In the era of big data, the issue is less about not having enough data, but about deriving enough meaning from the data you have. Techniques and tools that help quickly identify patterns and insights to help improve user experiences are becoming increasingly important.

For years we have helped companies benchmark the overall website user experience with the SUPR-Q and granular task experiences using metrics like completion rates, SEQ, and task time. But these summative metrics aren’t meant to be diagnostic—they don’t tell you what the problems are or what causes low scores.

To better diagnose potential problems within web pages, we’ve developed a remote unmoderated testing platform called MUIQ for researchers to quickly identify patterns in website behaviors. As part of a benchmarking study, participants are asked to complete common tasks using MUIQ and then answer the standardized questions about the experience.

MUIQ generates four visualizations that aggregate clicks and navigation paths users take while completing tasks: heat maps, click maps, tree paths, and linear tree paths. The visualizations complement each other. They are like using different wavelengths of light to view far off stars and galaxies, and each visualization helps researchers understand potential problems with website interactions.

1. Heat Maps

Knowing where participants click down to the pixel helps identify how well calls to action are working and how actions differ by screen size and device type. The heat map below shows actions taken on a desktop computer. Participants in an unmoderated study were asked to find a book they were interested in on the Audible website. You can see the smattering of clicks around the search function (blue) and then around the background (called the hero image).

 

In another example, the heat map below is from an unmoderated study of the restaurant reservation website OpenTable. There is a heavy concentration of clicks on the main calls to action (the search box for reservation times, Location, Cuisine, and the Find a Table button) and a lack of clicks below the fold (not shown).

2. Click Maps

While heat maps show where people click, overlapping elements (like mega menus) on web pages can make it difficult to know which element on the page was clicked. In some studies, we’ve spent a lot of time trying to figure out whether people clicked hero banners or background images from heat maps (like in the Audible example above). The different resolutions participants use to view a web page makes the location of elements on a page less consistent, as well.

Our solution to this problem is the click map that records the exact element that was clicked and the percentage of participants that clicked it. You can see in the click map below that participants in the study clicked elements from the mega-menu (e.g. “Browse Audible”, “Sci-Fi” and “Teens”) and not on the hero-image.

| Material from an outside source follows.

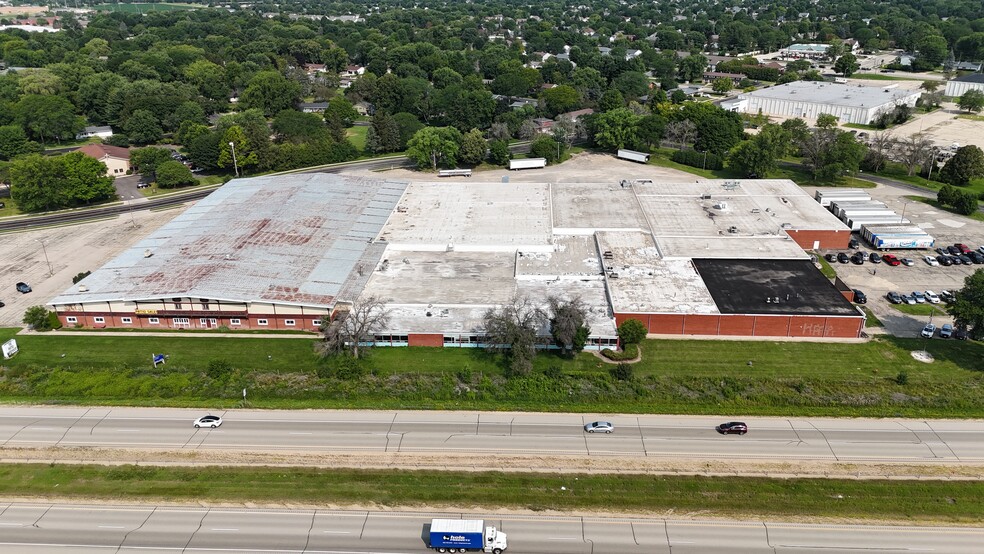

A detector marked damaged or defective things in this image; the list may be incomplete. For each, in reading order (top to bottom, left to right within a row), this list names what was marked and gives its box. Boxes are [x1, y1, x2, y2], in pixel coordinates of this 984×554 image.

rusty metal roof [51, 174, 408, 306]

It now becomes much easier to understand the first click, which is highly indicative of task success.

As another example, the click map below is based on the OpenTable heat map.

We can see the majority of participants (67%) interacted with the Location, Restaurant or Cuisine search box and Find a Table button (79%). But again the click map provides more clarity to the heat map. We can now see that only 8% changed the search location to Denver (the light blue box floating on the background image) using the “Choose Your Location” drop-down menu at the top of the page. This suggests the drop-down element is not the primary method for changing locations when finding reservations. It means other parts of the experience need to support location changing (which is likely why the search box also supports a Location search).

3. Tree Maps

Having a log file show every URL a participant visits is very valuable to understand individual browsing patterns. But it’s also very time consuming to comb through—another example of having a lot of data but not as much meaning. MUIQ provides a way to visualize these log files and paths users take through a website using a tool we call a tree map. The tree map below is of the paths users took on the Audible website.

 

To support more insight from this display we have the ability to search for URL strings, which can be helpful in identifying how often certain pages were visited. The yellow highlighted boxes show the places where a search results page was displayed on Audible.com (which was around half of the time). It shows how pivotal a role search plays in the browsing experience for audio books.

4. Linear Tree Maps

The tree map shows us all unique combinations of pages (and aggregations of pages). But we often want to know the most common paths users take and that can be harder to derive from the tree map alone. For that reason we derived what we call the linear tree map, which aggregates the most common paths for the first few clicks (typically 1 to 5 clicks). The linear tree map below shows the most common paths users took for the first three clicks on Audible.com and helps answer one of the most common questions we get asked: what paths are users taking on our website?

Summary

Visualizing how users navigate a website helps diagnose potential problems and identify opportunities for improvement. Four visualizations we’ve developed to help diagnose problems from raw navigation data are the heat map (where are users clicking), the click map (what elements did they click), the tree map (what paths users took), and the linear tree map (what the most common paths were).